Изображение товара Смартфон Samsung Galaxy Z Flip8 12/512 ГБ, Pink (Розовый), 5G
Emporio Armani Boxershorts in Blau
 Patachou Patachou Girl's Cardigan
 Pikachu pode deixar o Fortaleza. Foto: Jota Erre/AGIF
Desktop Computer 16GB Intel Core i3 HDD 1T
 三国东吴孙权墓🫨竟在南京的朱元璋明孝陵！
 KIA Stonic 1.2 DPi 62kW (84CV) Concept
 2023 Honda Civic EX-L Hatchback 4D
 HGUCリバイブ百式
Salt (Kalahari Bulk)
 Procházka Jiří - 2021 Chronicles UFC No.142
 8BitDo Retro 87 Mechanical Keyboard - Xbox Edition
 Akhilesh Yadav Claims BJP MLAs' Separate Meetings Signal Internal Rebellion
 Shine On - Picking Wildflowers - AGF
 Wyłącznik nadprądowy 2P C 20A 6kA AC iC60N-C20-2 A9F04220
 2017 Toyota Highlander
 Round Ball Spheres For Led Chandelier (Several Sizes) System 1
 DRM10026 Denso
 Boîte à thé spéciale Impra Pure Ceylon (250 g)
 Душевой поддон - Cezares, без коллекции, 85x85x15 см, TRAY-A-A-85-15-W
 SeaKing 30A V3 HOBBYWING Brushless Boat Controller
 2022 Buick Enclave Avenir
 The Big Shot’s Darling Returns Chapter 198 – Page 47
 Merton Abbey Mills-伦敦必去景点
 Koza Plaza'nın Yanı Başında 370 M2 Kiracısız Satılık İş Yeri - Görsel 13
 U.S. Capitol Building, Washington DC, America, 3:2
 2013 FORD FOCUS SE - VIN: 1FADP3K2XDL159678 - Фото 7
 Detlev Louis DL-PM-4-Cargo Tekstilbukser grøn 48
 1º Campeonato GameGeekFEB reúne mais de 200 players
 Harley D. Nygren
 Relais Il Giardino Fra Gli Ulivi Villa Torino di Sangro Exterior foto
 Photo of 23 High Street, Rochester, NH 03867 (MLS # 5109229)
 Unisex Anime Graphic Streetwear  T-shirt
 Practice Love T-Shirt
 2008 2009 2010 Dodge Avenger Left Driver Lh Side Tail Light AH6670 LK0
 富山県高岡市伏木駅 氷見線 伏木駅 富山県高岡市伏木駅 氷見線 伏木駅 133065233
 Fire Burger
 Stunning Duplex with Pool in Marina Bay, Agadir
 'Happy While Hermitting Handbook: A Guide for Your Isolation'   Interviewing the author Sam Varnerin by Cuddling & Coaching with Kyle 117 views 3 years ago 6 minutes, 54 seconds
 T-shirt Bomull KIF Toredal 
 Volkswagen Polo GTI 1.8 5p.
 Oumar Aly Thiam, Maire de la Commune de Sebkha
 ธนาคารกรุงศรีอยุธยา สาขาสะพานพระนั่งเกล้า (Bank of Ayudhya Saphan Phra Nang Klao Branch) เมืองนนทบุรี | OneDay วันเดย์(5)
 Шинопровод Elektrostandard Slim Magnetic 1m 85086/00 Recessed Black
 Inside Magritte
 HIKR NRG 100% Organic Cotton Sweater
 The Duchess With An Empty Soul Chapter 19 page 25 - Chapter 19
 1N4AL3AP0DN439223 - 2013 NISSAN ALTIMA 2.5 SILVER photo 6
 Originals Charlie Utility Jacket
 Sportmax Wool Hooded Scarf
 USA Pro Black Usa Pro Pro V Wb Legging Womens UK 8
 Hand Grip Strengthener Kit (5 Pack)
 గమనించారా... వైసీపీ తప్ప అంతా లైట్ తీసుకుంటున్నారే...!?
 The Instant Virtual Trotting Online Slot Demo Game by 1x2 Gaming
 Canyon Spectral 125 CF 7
..............................
_Task goal_.
Throughout the records above, find the lines in which the word "Chapter" appears and return them.

_Exercise result_.
 The Big Shot’s Darling Returns Chapter 198 – Page 47
 The Duchess With An Empty Soul Chapter 19 page 25 - Chapter 19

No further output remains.